WHAT TO PRODUCE>
Return the full listing unchanged, excluding any images it contains.

SUPPLIED DATA>

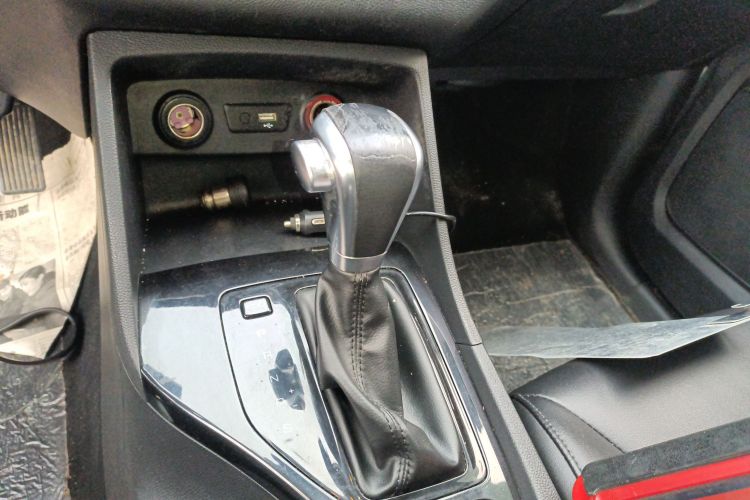 宝骏730 2019款 1.5T CVT时尚型 7座 国VI中控内饰18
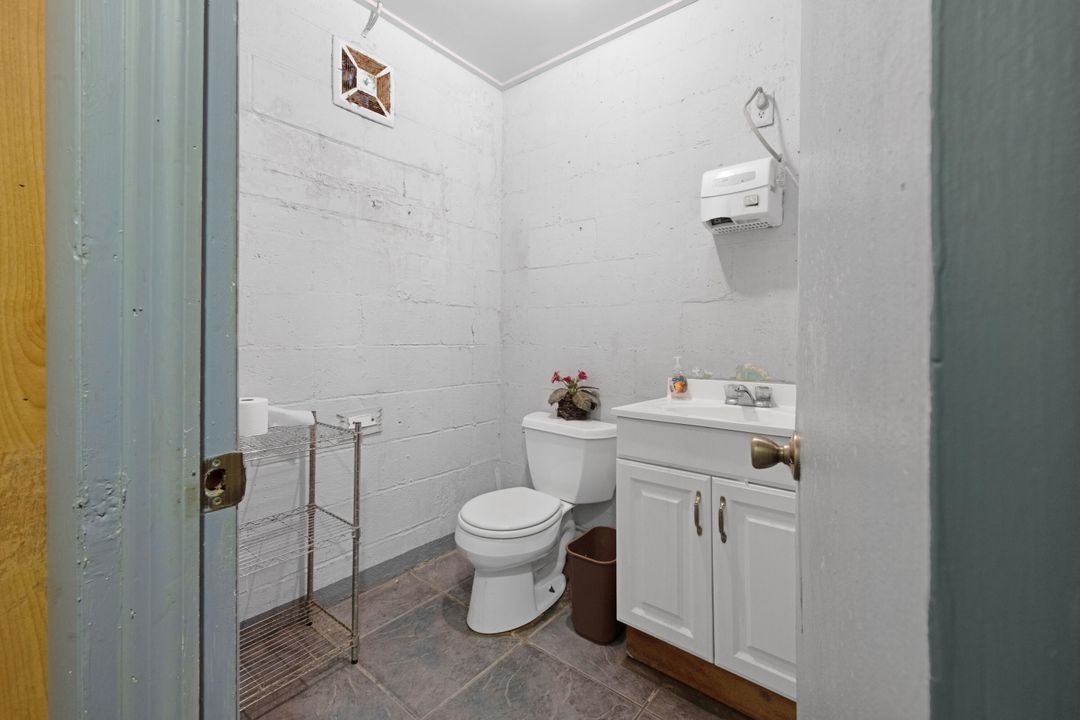 待售: $725,000 (0 贝兹, 0 浴室, 4804 平方英尺)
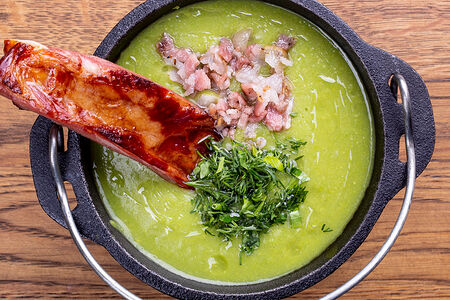 Суп гороховый с копченостями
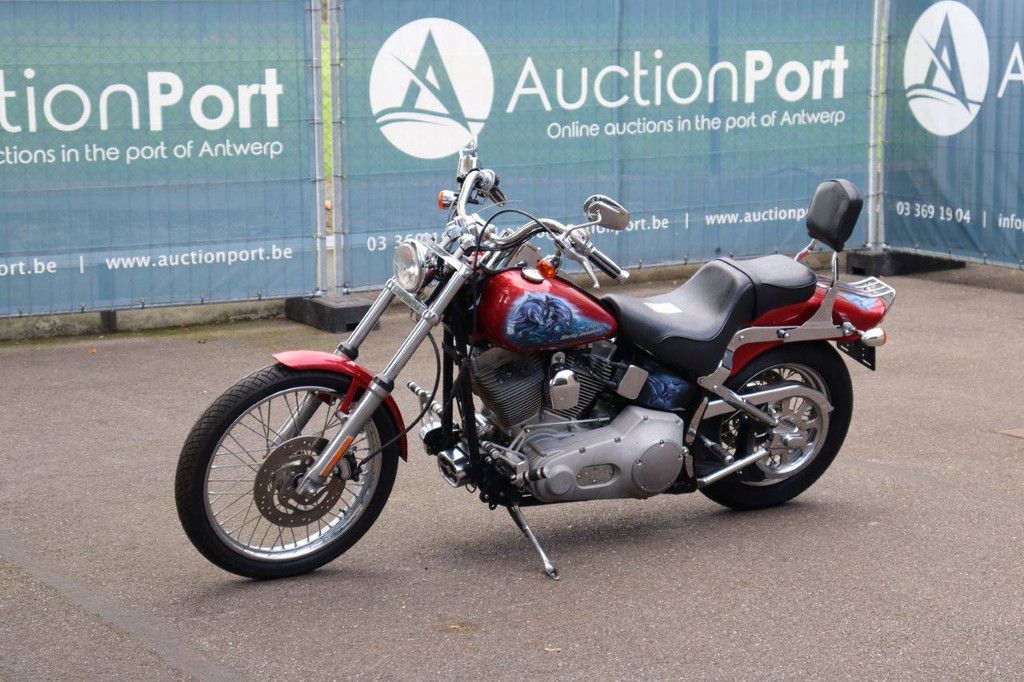 Harley-Davidson Deuce Softail Benzine 2004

COMPLETED TASK>
 宝骏730 2019款 1.5T CVT时尚型 7座 国VI中控内饰18
 待售: $725,000 (0 贝兹, 0 浴室, 4804 平方英尺)
 Суп гороховый с копченостями
 Harley-Davidson Deuce Softail Benzine 2004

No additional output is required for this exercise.